[HN Gopher] Monitoring Raspberry Pi Devices Using Telegraf, Infl...
       ___________________________________________________________________
        
       Monitoring Raspberry Pi Devices Using Telegraf, InfluxDB and
       Grafana
        
       Author : ashtavakra
       Score  : 49 points
       Date   : 2021-08-26 17:04 UTC (5 hours ago)
        
 (HTM) web link (blog.thecloudside.com)
 (TXT) w3m dump (blog.thecloudside.com)
        
       | liketochill wrote:
       | It is strange that there isn't more overlap between tech software
       | monitoring and metrics products and industrial historians and HMI
       | products. Osisoft was purchased by Aveva/Schneider for 5 billion
       | despite them already owning citect, wonderware, and probably 6
       | other historian products.
       | 
       | The industrial historians solve the same problems - collect data
       | at nodes that might have intermittent connectivity, send to a
       | centralized server/service that can handle lots of data, and
       | allow users to plot it.
       | 
       | I wonder if we'll start to see more open source monitoring on the
       | factory floor. While it will be easy for a product to work as
       | well as industrial offerings, maybe their value is in the long
       | term support (usually close to a decade) and supporter upgrade
       | paths.
        
         | camtarn wrote:
         | Yes, agreed. This is basically what we do at my work: plot
         | stuff from PLCs onto Grafana, while coping with intermittent
         | connectivity. I'd love to buy a ready-made product that could
         | do it, but there's literally nothing out there that quite comes
         | close.
         | 
         | As well as the things you identified, I suspect that there's
         | just a lot of mistrust of open source in the industrial world -
         | there's that whole thing of perceived value being directly
         | proportional to product cost, plus commercial vendors also tend
         | to at least offer training and tech support, even if they're
         | not always the most helpful.
        
         | zwayhowder wrote:
         | At my work (A university) We setup a TIG stack to monitor IT
         | systems and then one of our facilities management people saw it
         | and we got chatting. We have just setup a POC to pipe metrics
         | out of multiple proprietary building management systems into a
         | single Grafana dashboard.
         | 
         | We've also updated all our tender documents for future projects
         | to include a requirement that we can query metrics and logs
         | through an API or direct DB access.
         | 
         | A recent project I worked on identified over 500 applications
         | whose only use is to provide monitoring to a bespoke system or
         | tool. This isn't uncommon at a university as different
         | faculties and departments will buy "the best tool for XYZ"

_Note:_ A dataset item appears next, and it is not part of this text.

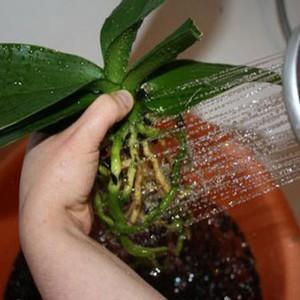Орхидея фаленопсис - размножение детками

         | without ever asking IT if perhaps there is a tool that is
         | almost as good that we already have.
        
       | jakozaur wrote:
       | SaaS version of that would be use Telegraf, but send data to Sumo
       | Logic, Data Dog or other observability vendor. I would also
       | 
       | You don't need to host InfluxDb and Grafana yourself. I would
       | also consider gathering logs and traces to troubleshoot problems.
       | Straightforward with top tier observability vendors, harder to do
       | it on your own.
       | 
       | Disclaimer: I'm employee of Sumo Logic.
        
         | JorgeGT wrote:
         | Note that you can gather and display logs with this same stack,
         | Telegraf includes a plugin to consume syslog output:
         | https://github.com/influxdata/telegraf/blob/release-1.14/plu...
         | and then you can do something like this on Grafana:
         | https://grafana.com/api/dashboards/12433/images/9004/image
         | 
         | The one thing I would add to this guide is enabling HTTPS for
         | the whole stack, if you are transmitting over the public
         | internet. Fortunately, it is quite straightforward (and free)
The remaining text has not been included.